> **DATA EXTRACT**
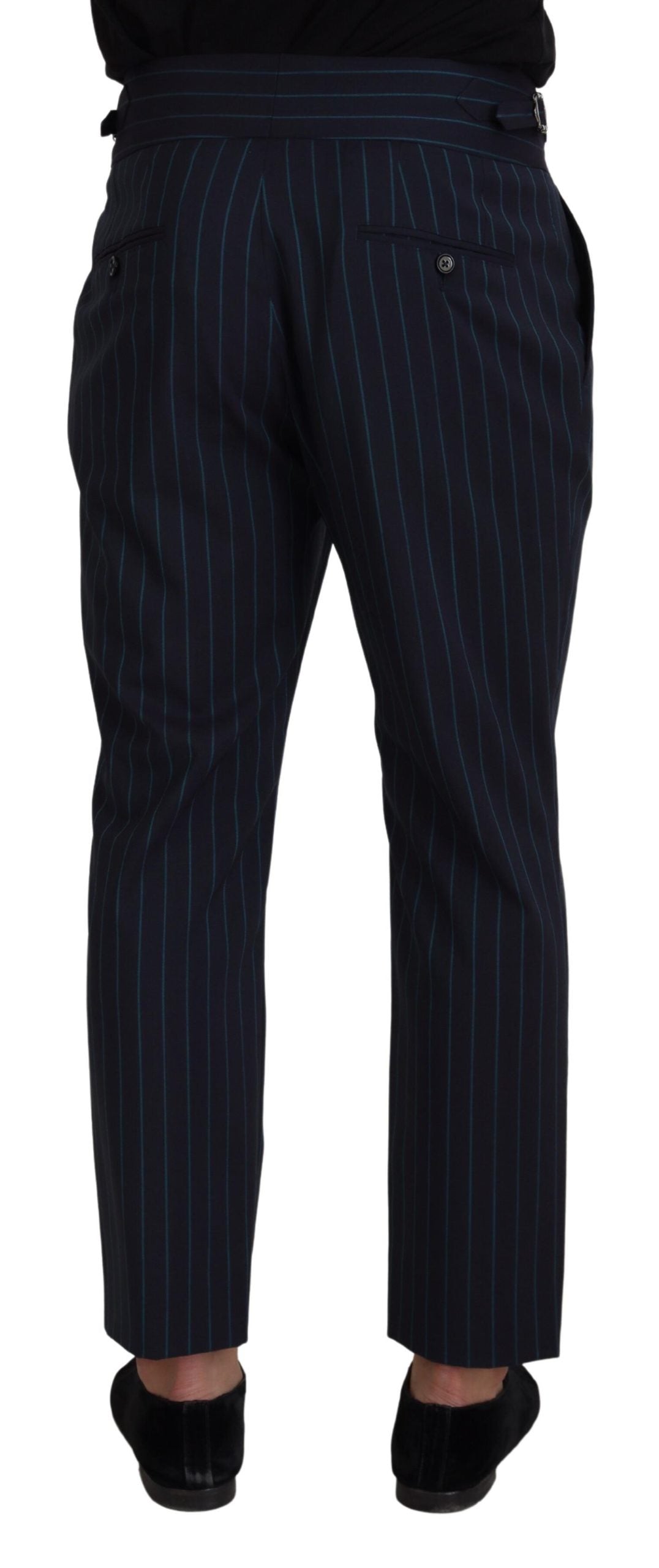 Dolce & Gabbana Blue Striped Men Formal Pants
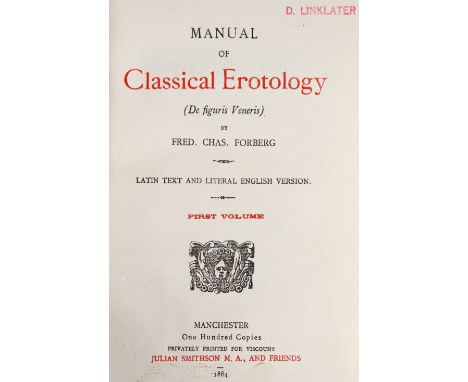 FORBERG, Frederick Charles: “MANUAL OF CLASSICAL ERTOLOGY (De figuris Veris, Latin Text &amp; Literal English Version”; 2 vol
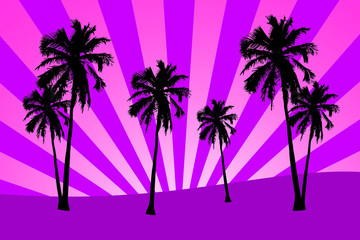 Plakat Sunset with palms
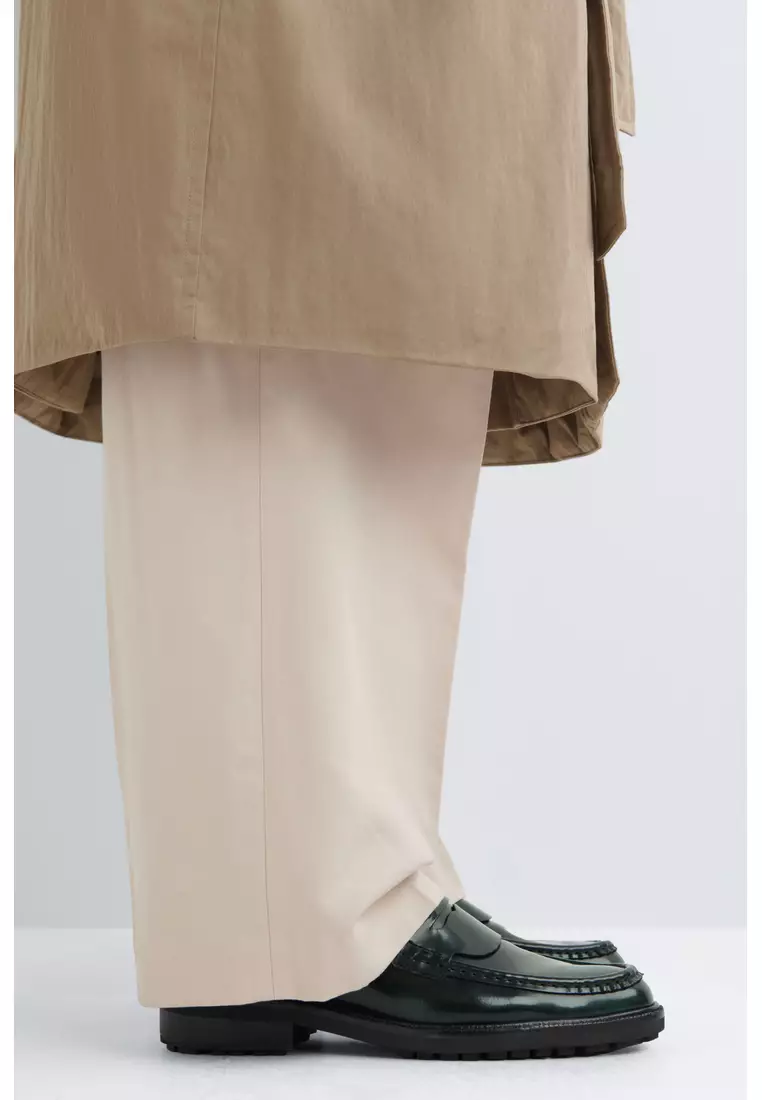 RUBBED-LEATHER LOAFERS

> **EXERCISE**
Reproduce all of the data exactly; the pictures do not belong in the copy.

> **TASK ANSWER**
 Dolce & Gabbana Blue Striped Men Formal Pants
 FORBERG, Frederick Charles: “MANUAL OF CLASSICAL ERTOLOGY (De figuris Veris, Latin Text &amp; Literal English Version”; 2 vol
 Plakat Sunset with palms
 RUBBED-LEATHER LOAFERS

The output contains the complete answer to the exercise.